Режиссер Лобанов был снят с должности главного режиссера за постановку пьесы Леонида Зорина; за постановку пьес Толстого никогда никого не сняли. На самом же деле режиссер снимается с должности, чтобы создать из ничего драматурга Зорина; без этого снятия драматург Зорин не существует. A хороший актер, играя Радзинского, Володина, Зорина, все равно играет Толстого и Чехова, потому что он (как и зритель) воспитан на текстах Русского Канона, и зрителю дела нет до специфики таланта вышеназванных.
Иногда профессиональной критике удавалось сорганизоваться, и пьесы Толстого и Чехова не шли десятилетиями (один оказывался непротивленцем, другой - певцом сумерек); Островский и Гоголь разрешались в плане обличения. Главная же задача театральной критики - доказать второсортность любой инсценировки, чтобы отсечь зрителя от текстов Русского Канона и расчистить поле Дыховичному и Слободскому. Шатрову и Гельману. Галину и Рощину. Радзинскому и Володину.
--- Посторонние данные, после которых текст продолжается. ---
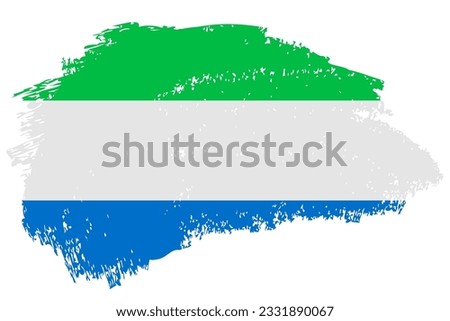 Sierra Leone brush stroke flag vector background. Hand drawn grunge style Salone painted isolated banner.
Лучшие последние спектакли Станиславского и Немировича-Данченко: "Мертвые души", "Воскресение". Актерские работы Зуевой (Коробочка и Матрена), Кедрова (Манилов), М. Тарханова (Собакевич) невероятны. Простая эпизодическая роль; актриса ни разу не повышает голоса; случайный зрительный зал; семьсот какое-то представление; и - десятиминутная овация зрительного зала в середине действия. Текст - толстовский. Станиславский постоянно думал о постановке "Войны и мира". Когда-то Чехов писал Суворину: "Толстой, я думаю, никогда не постареет. Язык устареет, но он все будет молод". Никаких проблем инсценировки произведений классиков не существует. Вся античная драматургия, весь Шекспир - это инсценировки предыдущих текстов.